### EXERCISE DETAILS:
Your answer must be the exact lines below, starting with the line with "<i>FU!K CIRCUIT HOUSE: SERIAL" and going on through the line with "Paros: Antiparos &", both included, with no pictures.

### AVAILABLE DATA:
"""

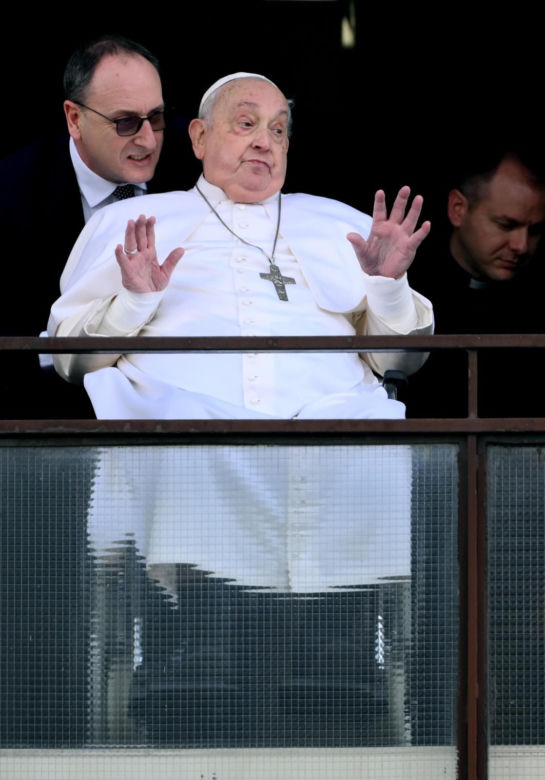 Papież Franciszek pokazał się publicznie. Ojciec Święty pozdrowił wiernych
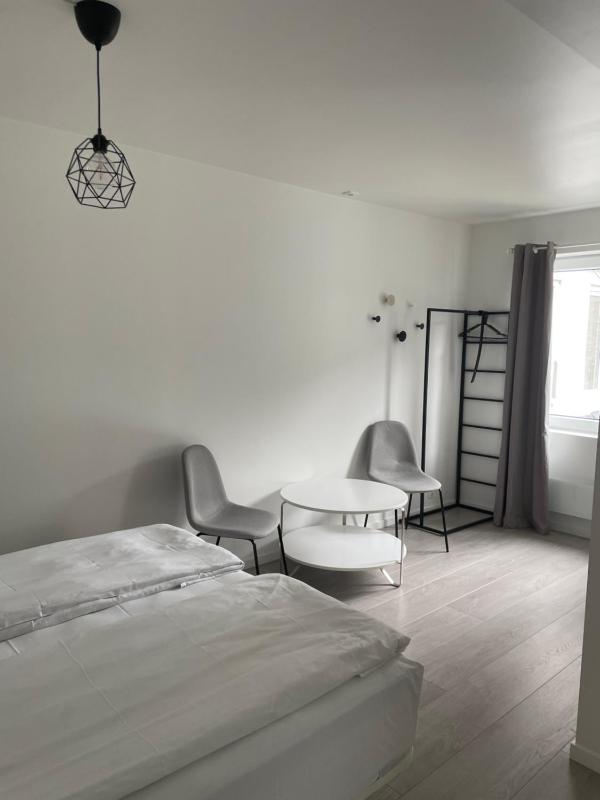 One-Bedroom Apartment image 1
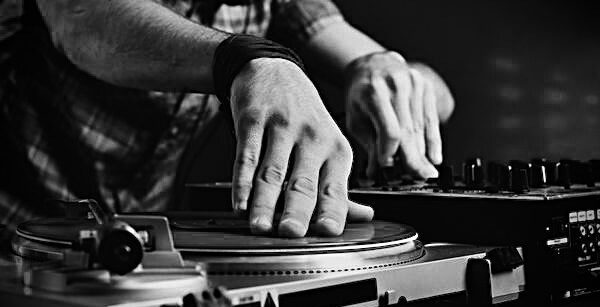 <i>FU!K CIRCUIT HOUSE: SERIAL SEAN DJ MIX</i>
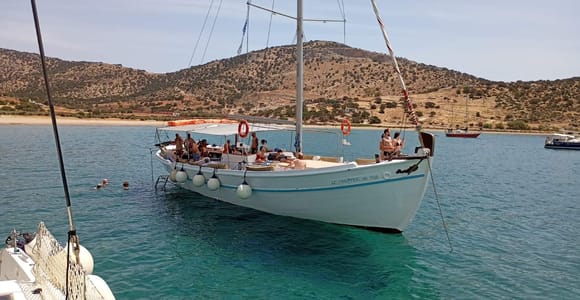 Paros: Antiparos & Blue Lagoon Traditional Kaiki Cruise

"""
"""

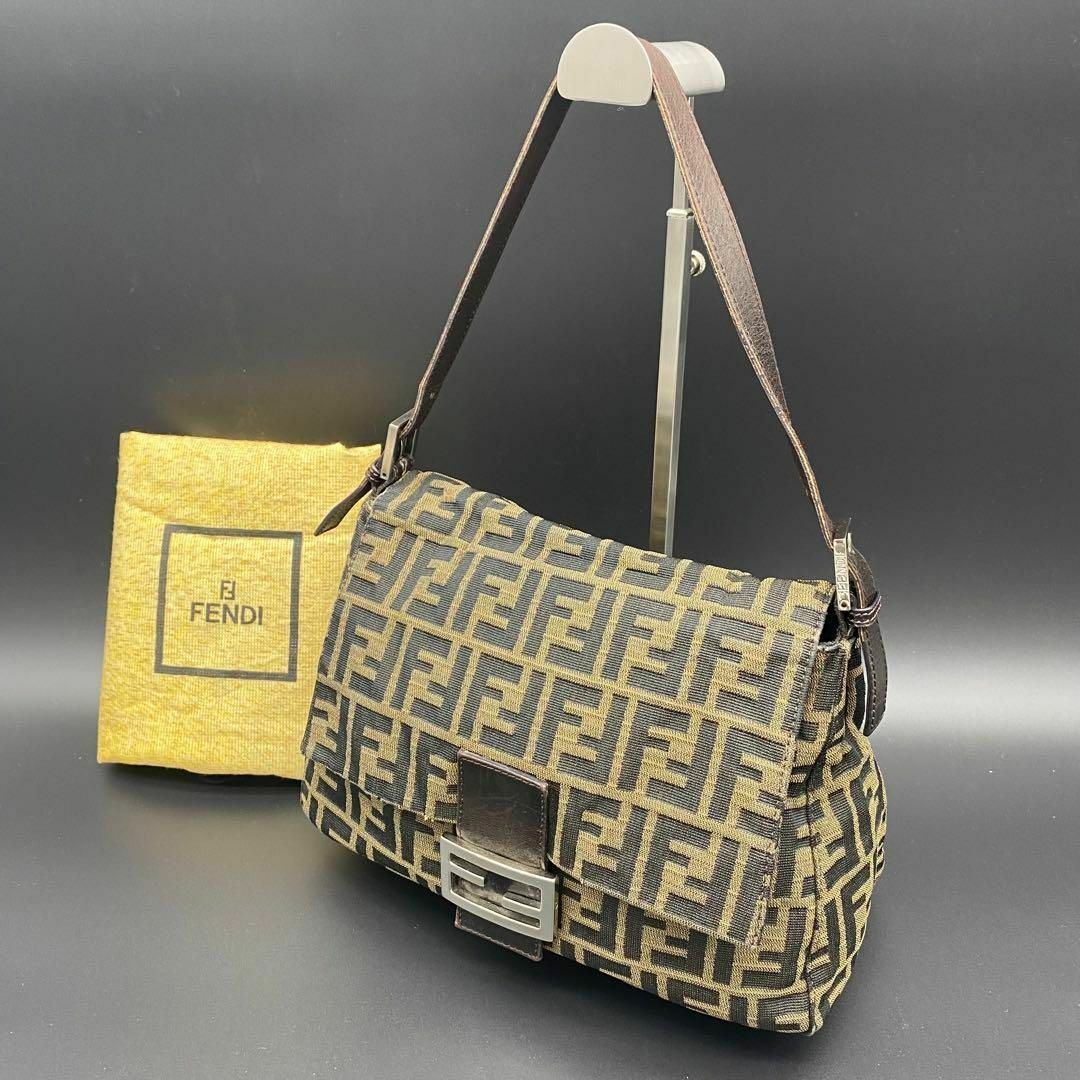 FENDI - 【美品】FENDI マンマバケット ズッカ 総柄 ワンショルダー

"""

### EXERCISE RESPONSE:
 <i>FU!K CIRCUIT HOUSE: SERIAL SEAN DJ MIX</i>
 Paros: Antiparos & Blue Lagoon Traditional Kaiki Cruise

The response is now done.